To do -
The lines below from the one with "Gulfishan ghungroo earrings" up to and including the one with "Snapshot of ZaraRousse" are what you should set down, exactly and without pictures.

Data for processing -
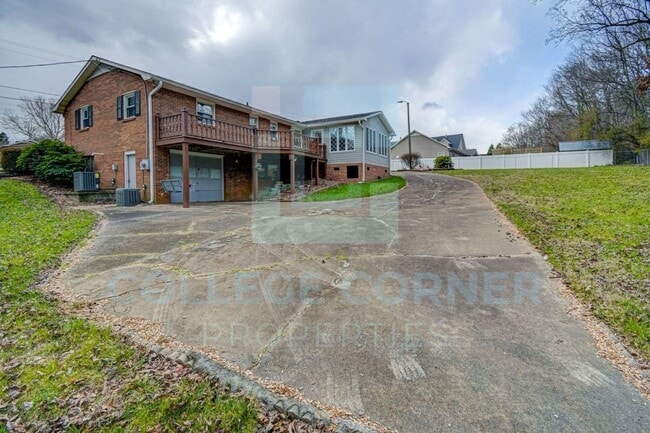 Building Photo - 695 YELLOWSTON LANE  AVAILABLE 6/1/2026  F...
---
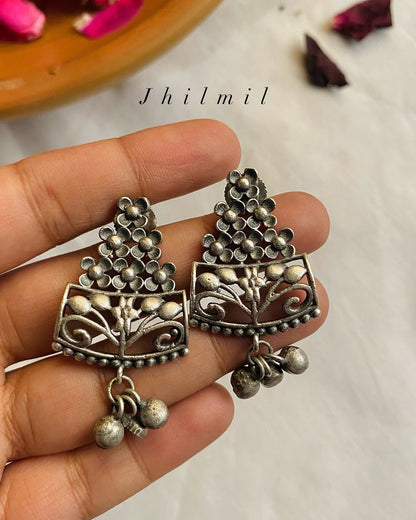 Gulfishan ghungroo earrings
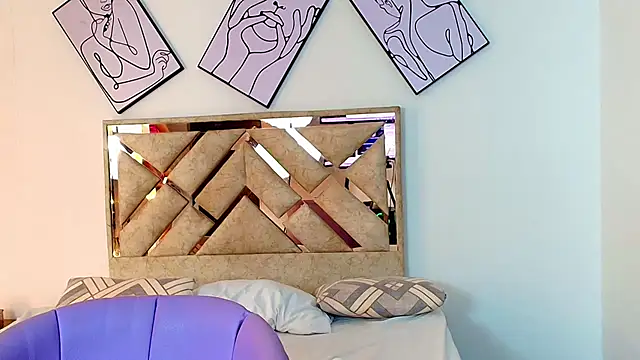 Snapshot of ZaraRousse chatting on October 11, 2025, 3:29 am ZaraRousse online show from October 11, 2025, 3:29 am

Solved problem -
 Gulfishan ghungroo earrings
 Snapshot of ZaraRousse chatting on October 11, 2025, 3:29 am ZaraRousse online show from October 11, 2025, 3:29 am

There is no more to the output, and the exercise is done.